START DATA FOR REVIEW

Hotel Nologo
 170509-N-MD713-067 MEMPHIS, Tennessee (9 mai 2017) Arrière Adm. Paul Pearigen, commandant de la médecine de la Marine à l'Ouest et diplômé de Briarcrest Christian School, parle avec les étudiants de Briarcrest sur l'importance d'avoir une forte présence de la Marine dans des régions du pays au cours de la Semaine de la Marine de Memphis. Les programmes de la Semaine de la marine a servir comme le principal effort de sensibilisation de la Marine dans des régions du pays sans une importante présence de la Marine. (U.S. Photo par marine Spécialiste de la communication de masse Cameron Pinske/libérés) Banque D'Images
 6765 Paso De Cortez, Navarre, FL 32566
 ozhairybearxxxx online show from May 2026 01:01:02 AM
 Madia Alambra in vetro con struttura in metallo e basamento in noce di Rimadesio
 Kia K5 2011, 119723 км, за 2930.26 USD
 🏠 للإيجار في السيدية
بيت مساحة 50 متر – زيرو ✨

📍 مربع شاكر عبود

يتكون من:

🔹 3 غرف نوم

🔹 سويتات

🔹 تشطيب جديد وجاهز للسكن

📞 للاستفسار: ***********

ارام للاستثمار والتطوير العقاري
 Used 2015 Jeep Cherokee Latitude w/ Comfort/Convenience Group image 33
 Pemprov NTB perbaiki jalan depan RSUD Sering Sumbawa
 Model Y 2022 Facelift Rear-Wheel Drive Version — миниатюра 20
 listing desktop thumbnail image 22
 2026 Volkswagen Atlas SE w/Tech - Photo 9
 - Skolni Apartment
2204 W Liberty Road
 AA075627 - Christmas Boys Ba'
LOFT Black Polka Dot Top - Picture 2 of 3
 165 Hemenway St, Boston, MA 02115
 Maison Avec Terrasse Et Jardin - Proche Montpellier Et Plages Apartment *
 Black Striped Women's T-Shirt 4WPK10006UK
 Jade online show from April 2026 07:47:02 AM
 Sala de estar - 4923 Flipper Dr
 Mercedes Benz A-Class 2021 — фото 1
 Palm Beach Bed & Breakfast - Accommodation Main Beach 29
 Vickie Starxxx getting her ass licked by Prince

END DATA FOR REVIEW

• [EXERCISE PROMPT] What is needed is every line from the beginning of the data up to and including the line with "Pemprov NTB perbaiki", given again word for word.

• [RESPONSE FOR THIS EXERCISE]
Hotel Nologo
 170509-N-MD713-067 MEMPHIS, Tennessee (9 mai 2017) Arrière Adm. Paul Pearigen, commandant de la médecine de la Marine à l'Ouest et diplômé de Briarcrest Christian School, parle avec les étudiants de Briarcrest sur l'importance d'avoir une forte présence de la Marine dans des régions du pays au cours de la Semaine de la Marine de Memphis. Les programmes de la Semaine de la marine a servir comme le principal effort de sensibilisation de la Marine dans des régions du pays sans une importante présence de la Marine. (U.S. Photo par marine Spécialiste de la communication de masse Cameron Pinske/libérés) Banque D'Images
 6765 Paso De Cortez, Navarre, FL 32566
 ozhairybearxxxx online show from May 2026 01:01:02 AM
 Madia Alambra in vetro con struttura in metallo e basamento in noce di Rimadesio
 Kia K5 2011, 119723 км, за 2930.26 USD
 🏠 للإيجار في السيدية
بيت مساحة 50 متر – زيرو ✨

📍 مربع شاكر عبود

يتكون من:

🔹 3 غرف نوم

🔹 سويتات

🔹 تشطيب جديد وجاهز للسكن

📞 للاستفسار: ***********

ارام للاستثمار والتطوير العقاري
 Used 2015 Jeep Cherokee Latitude w/ Comfort/Convenience Group image 33
 Pemprov NTB perbaiki jalan depan RSUD Sering Sumbawa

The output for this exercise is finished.